まず、ユネスコ学校図書館宣言についてのご質問でございます。
学校図書館は、子供たちの知的好奇心を喚起して、生涯にわたり学び続けようとする意識、そして態度を育む場として欠くことのできない大切な施設でございます。
ユネスコ学校図書館宣言には、学校図書館の役割といたしまして、子供たちが責任ある市民として生きていくことができるよう、想像力を培うことなどが掲げられております。
この宣言が採択されて二十年、学校図書館に期待される役割は今も変わることはない、このように考えております。
動物愛護についてでございますが、動物は、私たちの生活に潤いや癒しを与えてくれる大切な存在であります。飼い主にとりましては家族の一員でもあります。
そうした考えのもとで、飼い主への終生飼養の啓発、地域の飼い主のいない猫対策を推進するほか、保護された動物の譲渡を進めるために、都独自に動物譲渡促進月間を定めまして、譲渡事業のPRイベントや広報を実施してまいりました。
また、保護されました動物を譲渡に適した状態で新たな飼い主に引き継げるように、職員の専門的な能力や動物を飼育する環境の向上に努めておりまして、引き続き、動物の殺処分ゼロを目指して、動物愛護の取り組みを推進してまいります。
また、災害時におけるペット対策についてのご質問でございます。
災害発生時におきましても、飼い主がみずからの責任のもとで、ペットを適切に飼い続けることは基本であります。
そのため、都は平時から、ペット防災リーフレットなどによりまして、飼い主に対して、災害に備えることの重要性について啓発を行うとともに、区市町村に対しましては、避難所などにおけます飼養場所の確保などを地域防災計画に位置づけるように働きかけております。
今後とも、災害時に飼い主、そしてペットが安全に避難できるように、区市町村とも連携をいたしまして、体制づくりを進めてまいります。
残余のご質問につきましては、教育長、関係局長からのご答弁とさせていただきます。
〔教育長中井敬三君登壇〕
○教育長(中井敬三君) 学校図書館に関する七点のご質問にお答えいたします。
まず、学校司書の役割についてでございますが、文部科学省が定める学校図書館ガイドラインでは、学校司書は、学校図書館を運営していくために必要な専門的、技術的職務に従事するとともに、学校図書館を活用した授業やその他の教育活動を司書教諭や教員とともに進めるよう努めることが望ましいとされております。
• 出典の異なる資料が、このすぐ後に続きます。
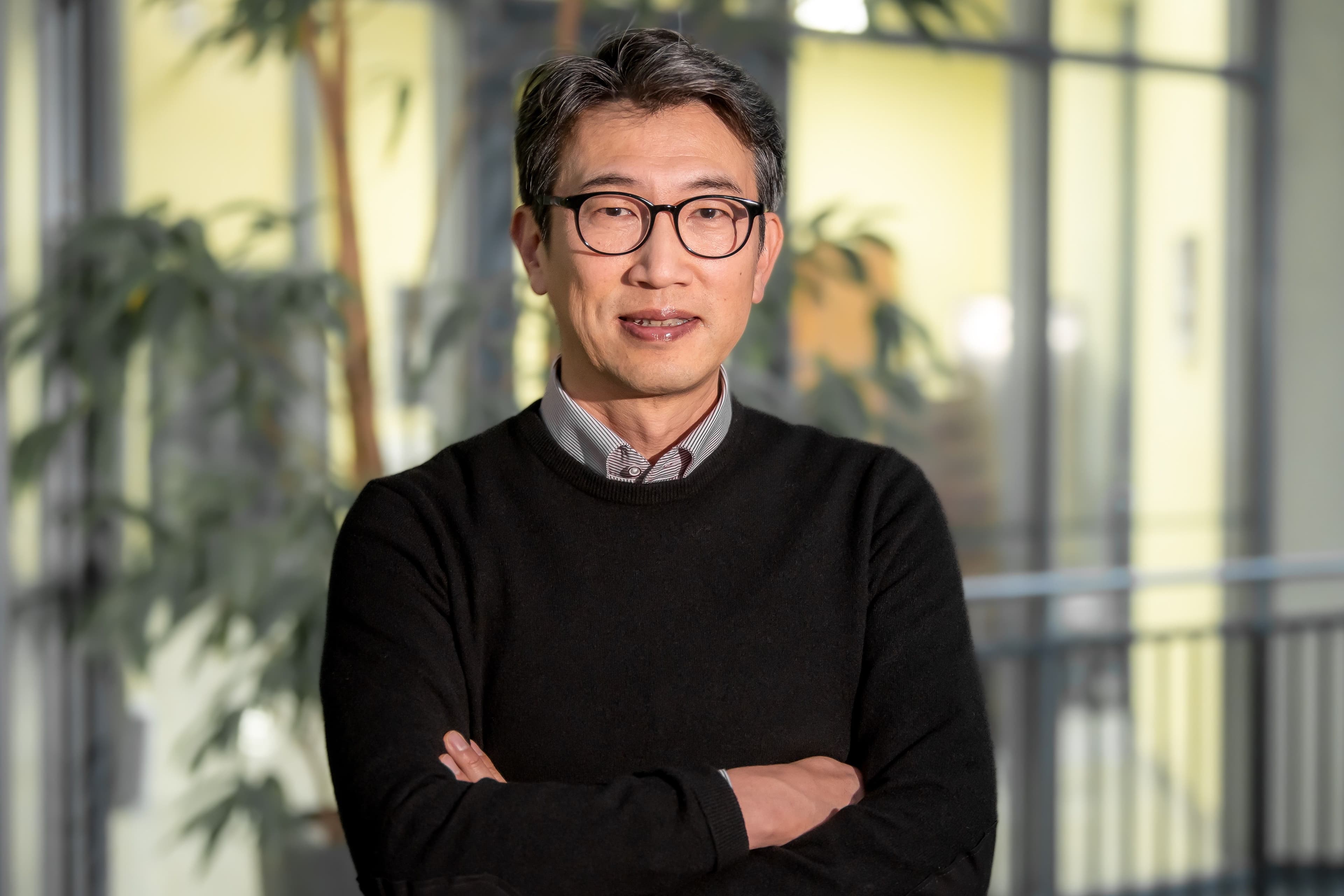 A man wearing glasses and a black sweater stands with his arms crossed in front of a blurred indoor backdrop with plants.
その具体的役割は、児童生徒や教員に対する間接的支援と直接的支援、さらに、教育目標を達成するための教育指導への支援の三つの観点に分けられるとされております。
次に、小中学校の学校司書配置等に係る補助の創設についてでございますが、小中学校の図書館の整備については、設置者である区市町村が、その経費を負担することとされております。学校図書館の図書整備、学校司書の配置等に必要な経費については、平成二十九年度から平成三十三年度まで、国の学校図書館図書整備五か年計画により地方財政措置が講じられているところでございます。
次に、学校図書館における協力連携についてでございますが、都教育委員会では、学校図書館に関する職務を、司書教諭の資格を有する教諭に校務分掌として担当させております。教育活動への学校図書館の活用については、司書教諭を中心とした学校の全教職員の協力体制のもとで行われるべきものと考えております。
次に、都立高校の学校図書館管理業務委託についてでございますが、都立高校における学校図書館の運営は、業務委託の導入により、開館時間、開館日数の拡大や、長期休業期間中の開館が可能となるなど、利便性の向上が図られております。
また、この間、業務委託の契約方法についても、総合評価方式や長期継続契約等の導入により、業務の質の改善を図ってまいりました。
都教育委員会は、今後も、学校図書館ガイドラインなども参考にしながら、適切な図書館運営に努めてまいります。
次に、特別支援学校の学校図書館の充実についてでございますが、都教育委員会は、都立特別支援学校が計画的に行っている障害の種類や程度、発達の段階に応じた蔵書の整備に対し、毎年度必要な図書購入費を措置しております。
また、各学校に配置している司書教諭が、全教職員の協力体制のもとで、従来から学校図書館の活用等に取り組んでおります。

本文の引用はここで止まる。